On August 15th, 2007, while I was enjoying a fabulous day of self pampering per usual on my birthday (probably included chipoodles, starbucks, taco bell, etc.) - a big, huge earthquake hit the town of Pisco, Peru hard and the surrounding region of Ica pretty hard. Sadly our stinking book, Moon, was published that same year so it has no knowledge of the earthquake and half the stuff we've been thinking of seeing is now gone - people explaining that it collapsed in the quake. Muy triste! And yes, we're still looking at the Moon book even though we hate it - it's our only guide!
Without knowing all that about the quake, we headed from Lima to Pisco to check out the nearby national reserve of Paracas and it's many wild animals and also to drink the local Pisco Sours - not really given the name from this exact town but we had steaks in Salsbury in the UK so why not keep the trend alive? Plus Jeff likes the sours when they are nice and cold - and I continue to find them revolting.
Pisco sucked.

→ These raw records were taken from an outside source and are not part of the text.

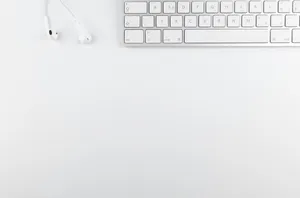 Sleek Keyboard On A White Background Wallpaper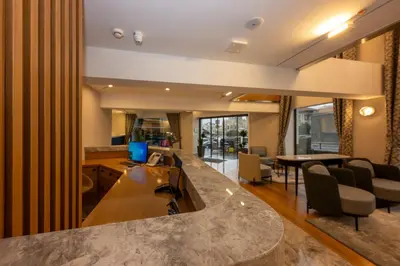 a kitchen and living room with a large counter top at Baver Hotel in Istanbul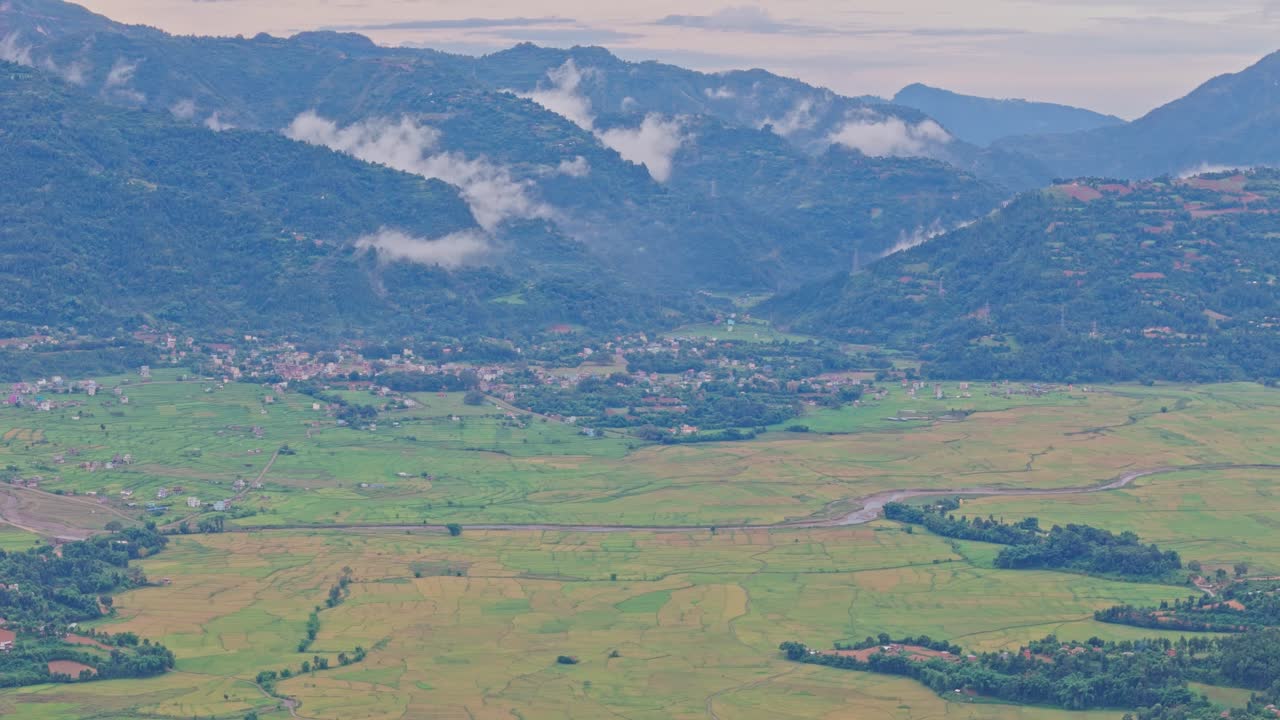 Aerial view of lush green paddy fields in Tansen Palpa, Nepal, surrounded by beautiful mountains and rural landscapes, showcasing the region’s rich agriculture and natural beauty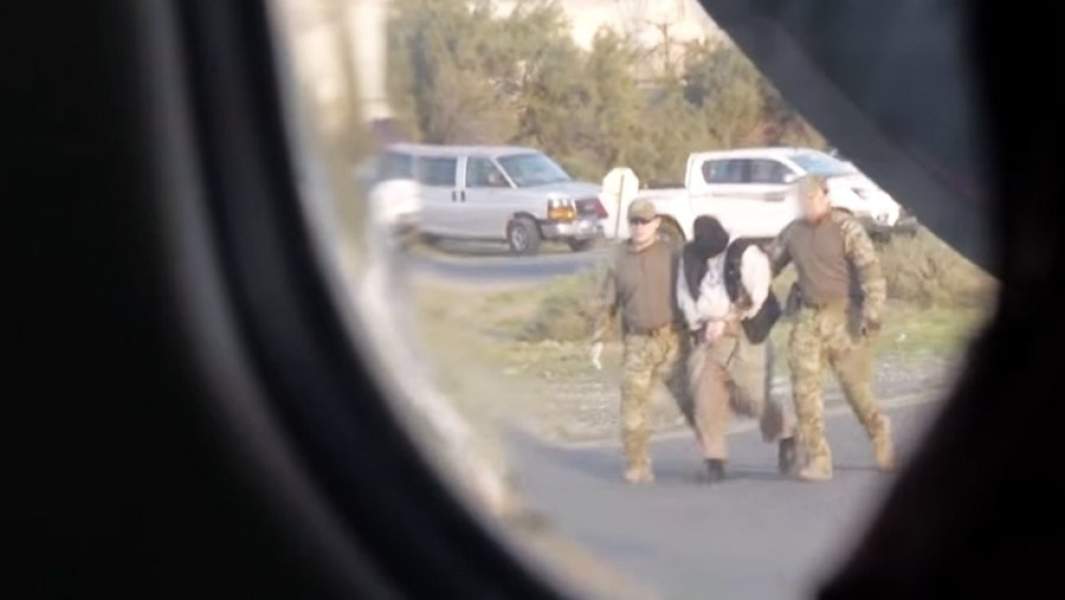 Полиция конвоирует подозреваемого в терроризме 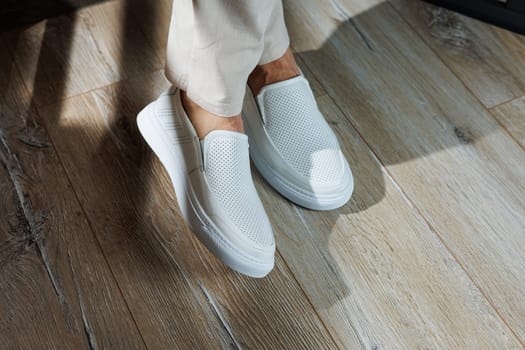 Close-up of male feet in white casual shoes. Fashionable young man standing in leather stylish white moccasins in fashionable trousers. Seasonal summer men's shoes. Casual street style.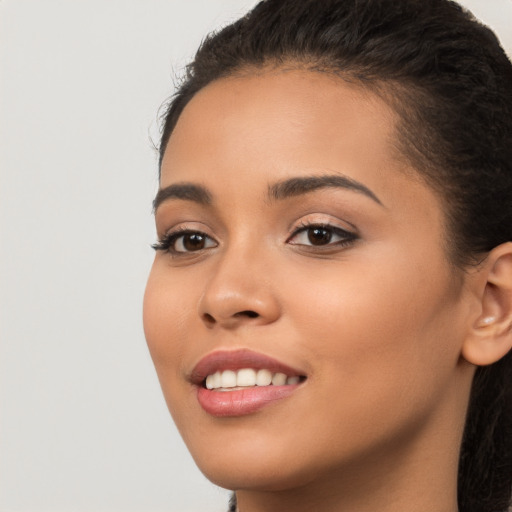 Joyful latino young-adult female with long  brown hair and brown eyes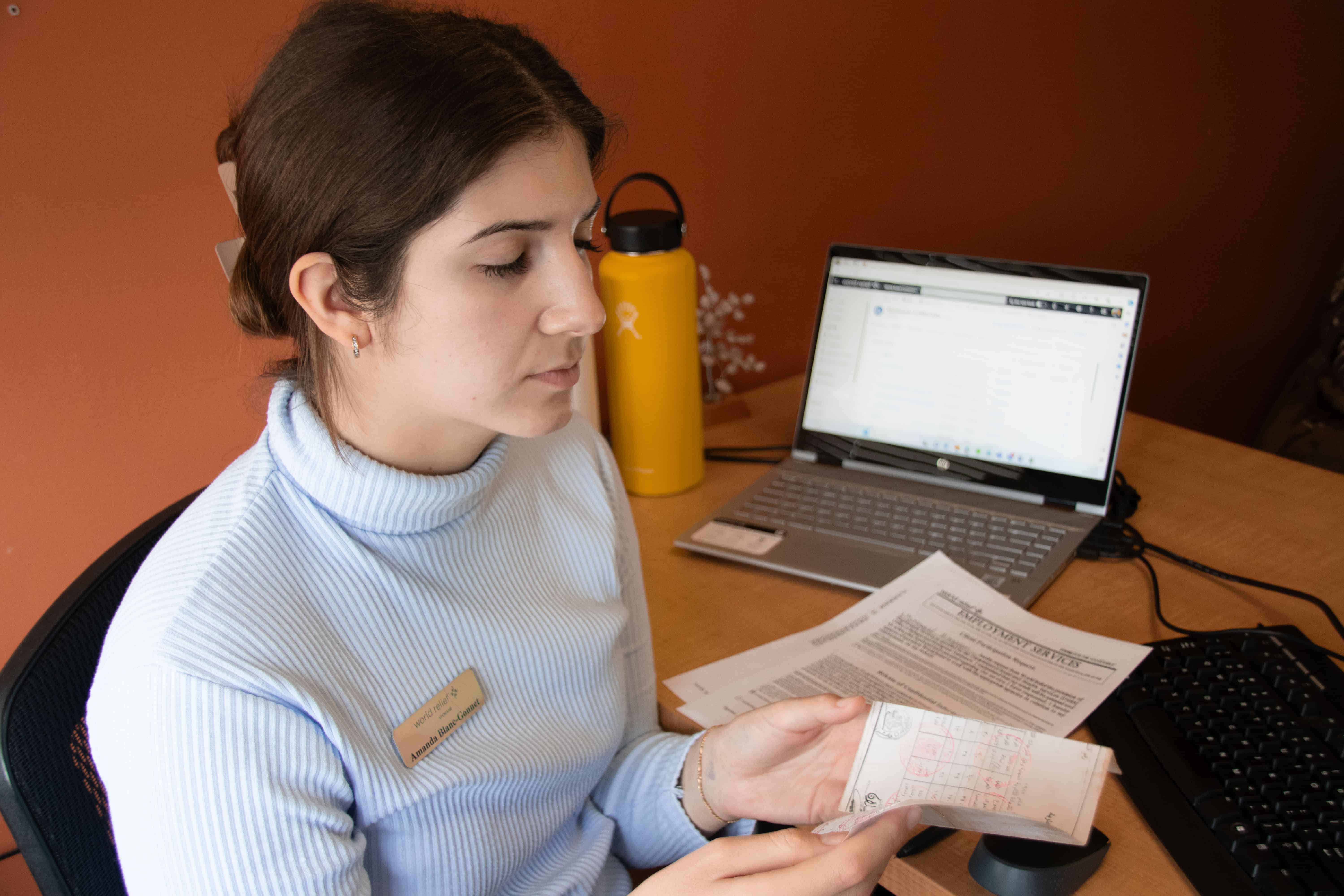A Case manager checking documents.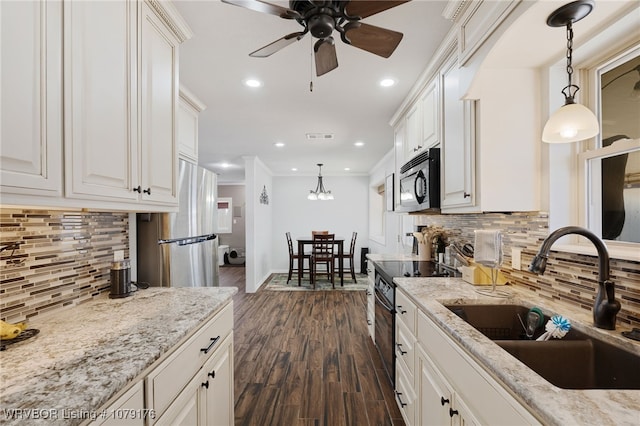 kitchen with crown molding, light stone countertops, dark wood finished floors, stainless steel appliances, and a sink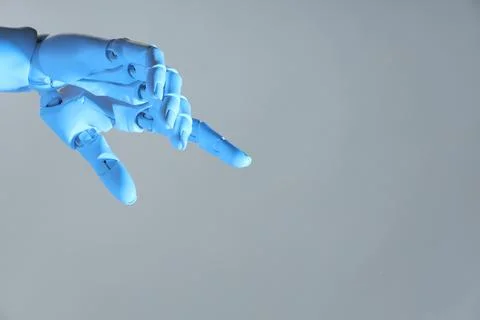 Artificial intelligence. Robot hand pointing at something on grey backgroun.. Stock Photos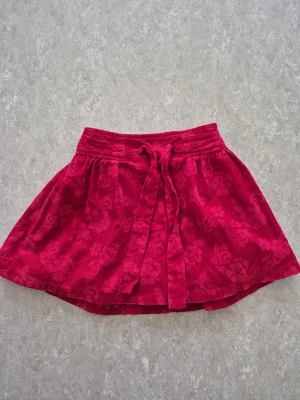 Kjol - Snygg röd kjol från FIX med blommigt mönster och mjukt manchestertyg. Kjolen har ett knytband i midjan och volangig tyll på insidan för extra fluff. Perfekt för dig som gillar färg och detaljer! 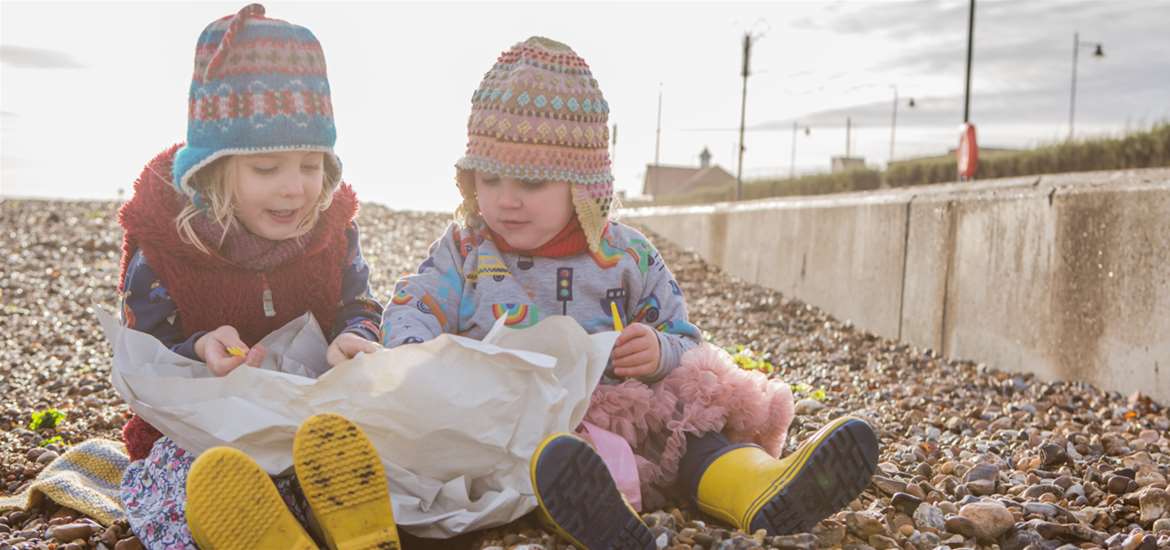 Children sit on a beach eating fish and chips at Felixstowe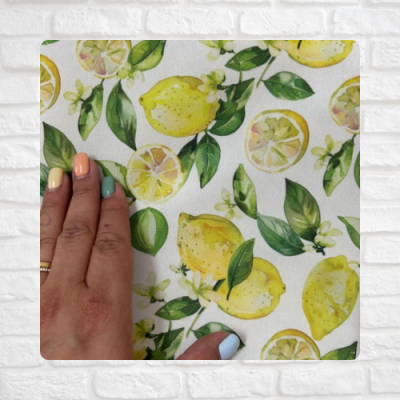 Tecido com padrão de limões e folhas verdes em fundo branco, mão com unhas coloridas tocando o tecido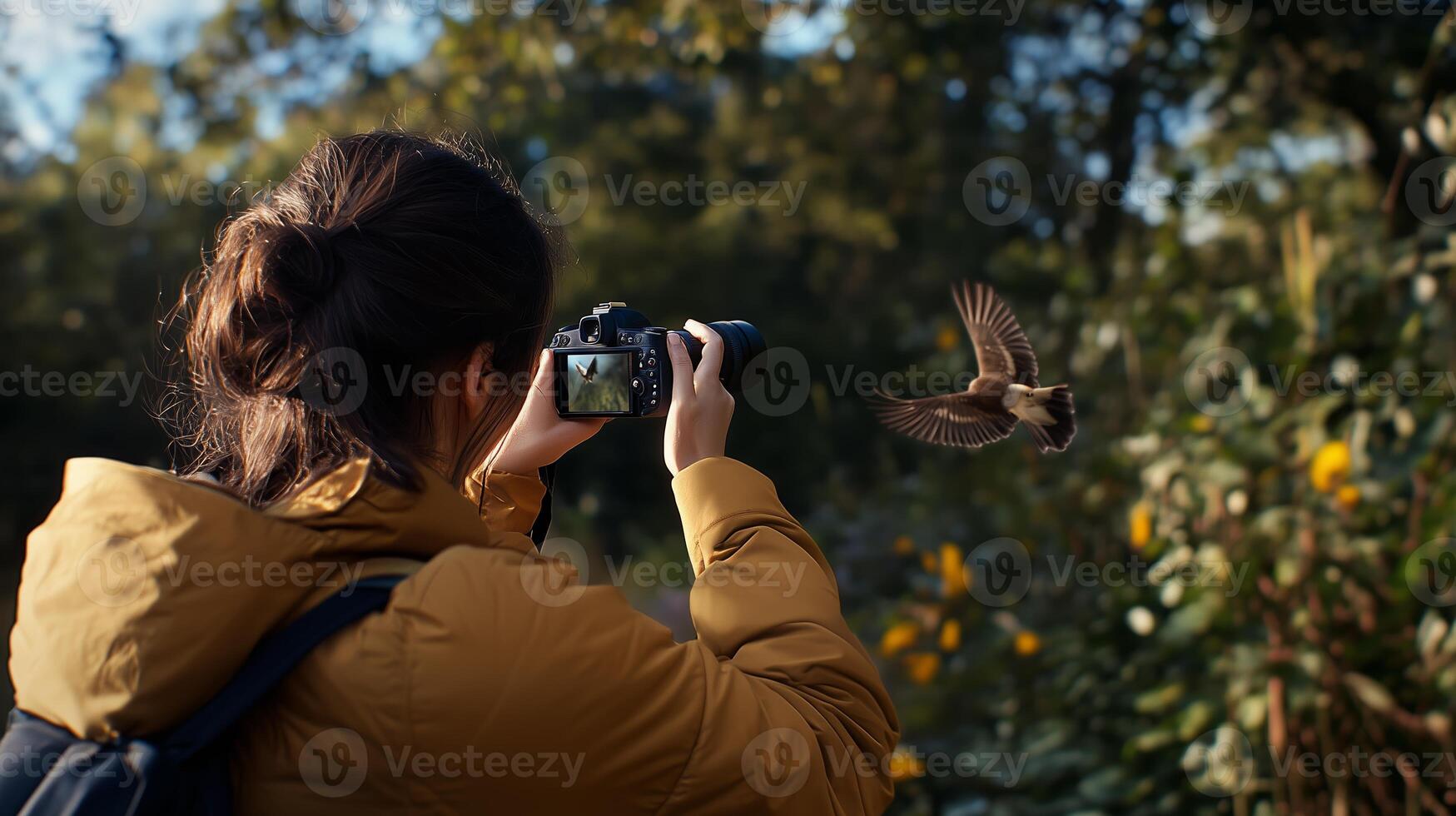 A person captures a bird in flight while exploring a vibrant nature setting with autumn foliage in a lush park during daylight photo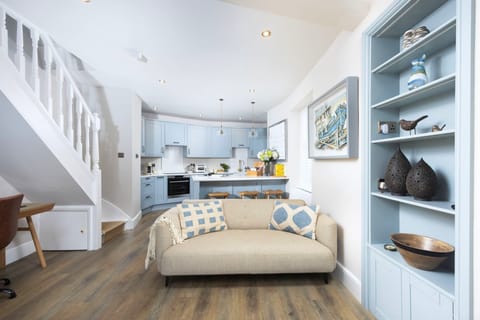 Open plan living, sofa, kitchen and work space - Myrtle Cottage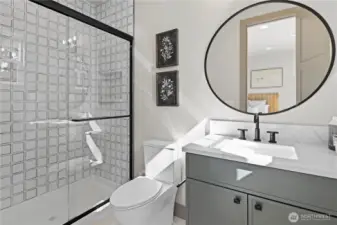 Upper level ensuite bathroom, single vanity sink, large step-in shower with recessed shampoo niche.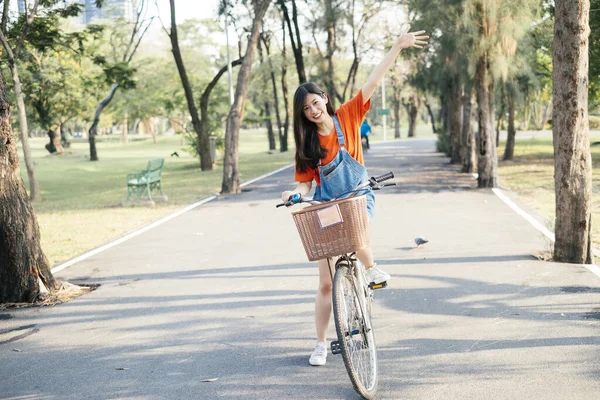 幸せな長い髪の女の子でオレンジTシャツとジーンズジャンパーは 公園内の道路に自転車に乗るのを停止し 空に彼女の手を上げる — ストック写真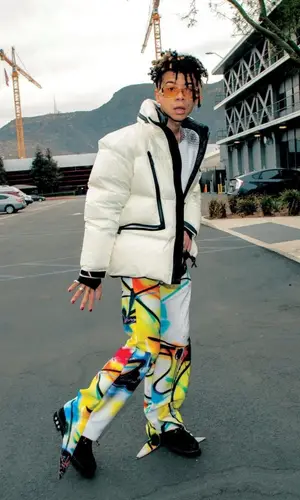 Iann Dior wearing Off-White pants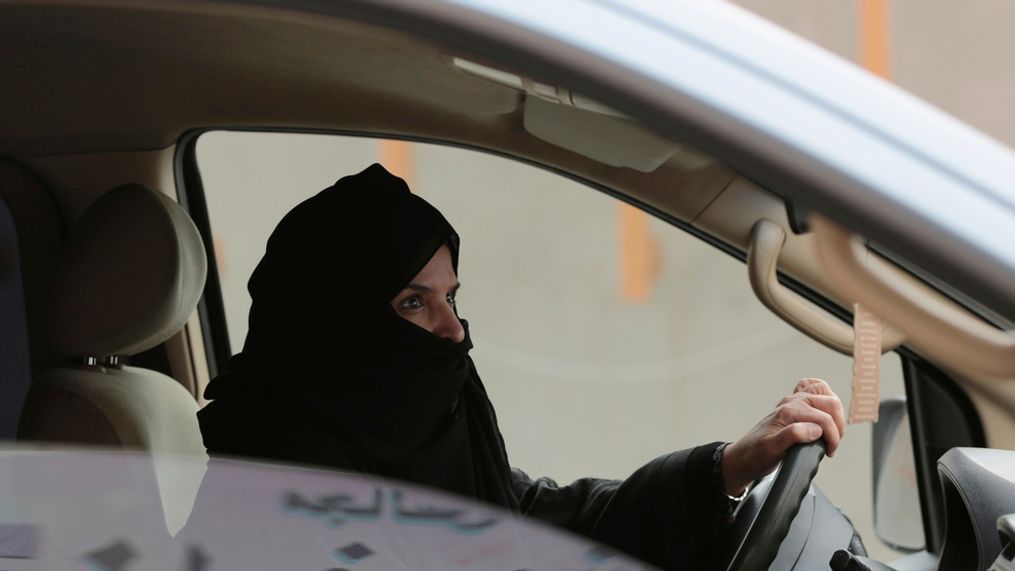 In this Saturday, March 29, 2014, file photo, Aziza Yousef drives a car on a highway in Riyadh, Saudi Arabia, as part of a campaign to defy Saudi Arabia's ban on women driving.  Saudi Arabia says it will allow women to drive for the first time in the ultra-conservative kingdom. The kingdom, which announced the change on Tuesday, Sept. 26, 2017, was the only the country in the world to bar women from driving and for years had garnered negative publicity internationally for detaining women who defied the ban. (AP Photo/Hasan Jamali, File)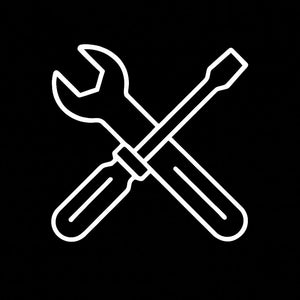 Appliance repair tools, including screwdriver and wrench.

Probably not it's fault, but the place is in shambles and the hostel we were hoping to stay at was lost in the quake. Plan B - let some sleazy salesmen lead us to a different hotel and give us a "good deal for his friends" and stay there two nights. He was kinda annoying and at one point I finally had to tell him to leave because I needed him gone so he said he'd see us downstairs in the lobby to talk about tours later. Looking forward to it. Plan B also included letting him give us a decent price on a tour of Paracas the next day. We only had to waste time until the next morning when our tour left - which is more difficult than you might think in a town reduced to nearly nothing and barely rebuilding itself. Plus we were told numerous times to only stick to the square since the surrounding area wasn't safe. Needless to say, Pisco does not rank high on my favorites of Peru.
Paracas, however, was great! We saw tons of sea lions, a billion and a half birds (including the Peruvian Boobie), Humbolt Penguins (endangered but oh so cute), dolphins!!, and condors (yes, that could have been placed under birds but it was cool anyway). We took a boat tour from Paracas to the Islas Ballestas to see all that wild life (except the condors, that's later) and on the way we saw a huge symbol on the side of a sand dune called Candelabra - an ancient symbol they know nothing about. Just like Stonehenge. They think that maybe, sort of, kind of, perhaps, that school children in ancient BC times or maybe sailors, or who knows.
After the boat ride we toured the desert and learned more about Paracas being a protected area and saw some absolutely beautiful scenes of ocean and desert. Their other pride and joy - the "Cathedral" was a rock formation like a bridge into the water. Sadly, that bridge portion was also lost in the quake. Stinking quake. They still took us to look at it (and made us pay 5 soles) and the view was great. This is also where we saw big condors flying overhead - we'll see bigger in a few weeks in Colca Canyon so don't mind the not so awesome pictures. I'm working on it.
Now we're in Ica and we toured some wineries and bodegas today - and tasted many kinds of wine and pisco sours. I stopped after my first drop of Pisco (stopped the hard stuff, kept trying the wines) because I thought it would be rude to boot all over the kind tour guide's tables. That stuff is potent! They showed us all about how they make wine and pisco and were very kind and finally spoke slow Spanish for us when we pointed out we could understand them if only they'd speak up and slow it down a notch. They speak FAST here and quietly so it helps if they speak up. Plus they speak more castellano here than the espanol from Central America we're used to so words are different (it's more like Spain Spanish here). Interesting.
Tomorrow we're off to see the Nasca Lines - now those will be amazing. You just wait and see the pics I'm going to take! Oh yes!